Born in San Jose, California, Brown began his acting career as a child of five and took part in many television and live performances. He was a gifted young man born with a genius I.Q. and exerted himself in the manner of a child prodigy, early on appearing with Van Johnson in a stage production of "The Music Man" at the age of ten. He was 18 when he made his first major screen debut in "Halls Of Anger" (1969). Brown's breakthrough role was as the American Civil War draft dodger Drew Dixon in the 1972 critically acclaimed sleeper Bad Company, in which he co-starred with Jeff Bridges. The 70's rock and roll group would take their name and be inspired for their first album and pen their hit single "Bad Company", directly from this film.
After playing Frederick Winterbourne in Peter Bogdanovich's 1974 film Daisy Miller, Brown slowly drifted away from show business.
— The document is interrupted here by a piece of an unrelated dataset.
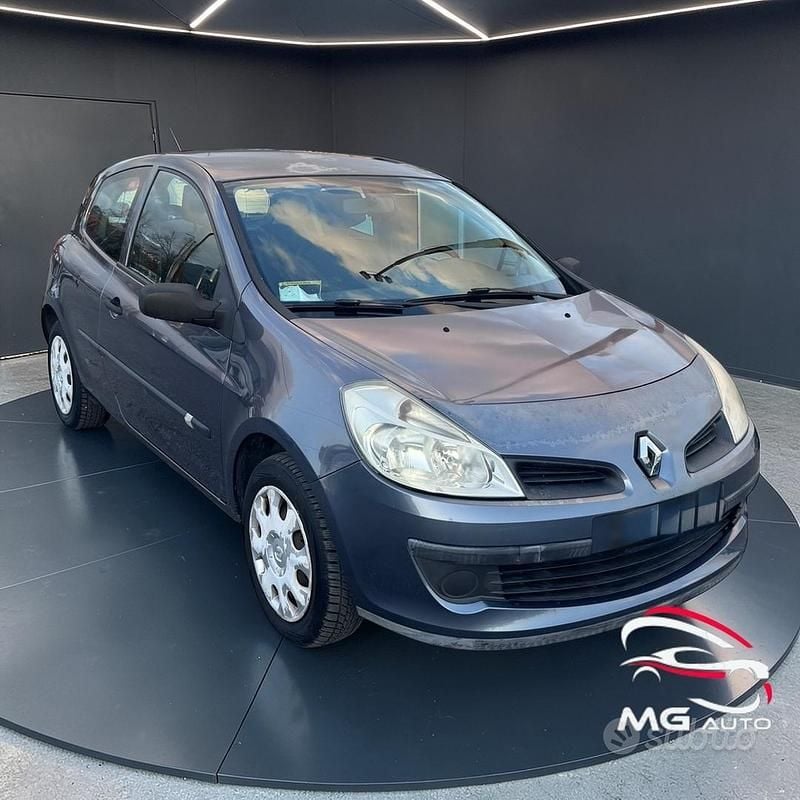 Usata Renault Clio II Luxe 75 CV (55 kW) 2006 Grigio Berlina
He kept up his correspondence and his unanimously recognized expertise on film history throughout his life and was a leading authority on acting and its players. Fortune took an ever decreasing turn for the very sensitive young man, and in June of 1978, Brown committed suicide, by means of a gun, in Silver Lake, Los Angeles, California.
Barry Brown was also the author of a critical, unpublished book called "Unsung Heroes of the Horrors" - a compendious work dedicated to memorializing the lives of certain well-known (although not famous) B-movie actors and actresses.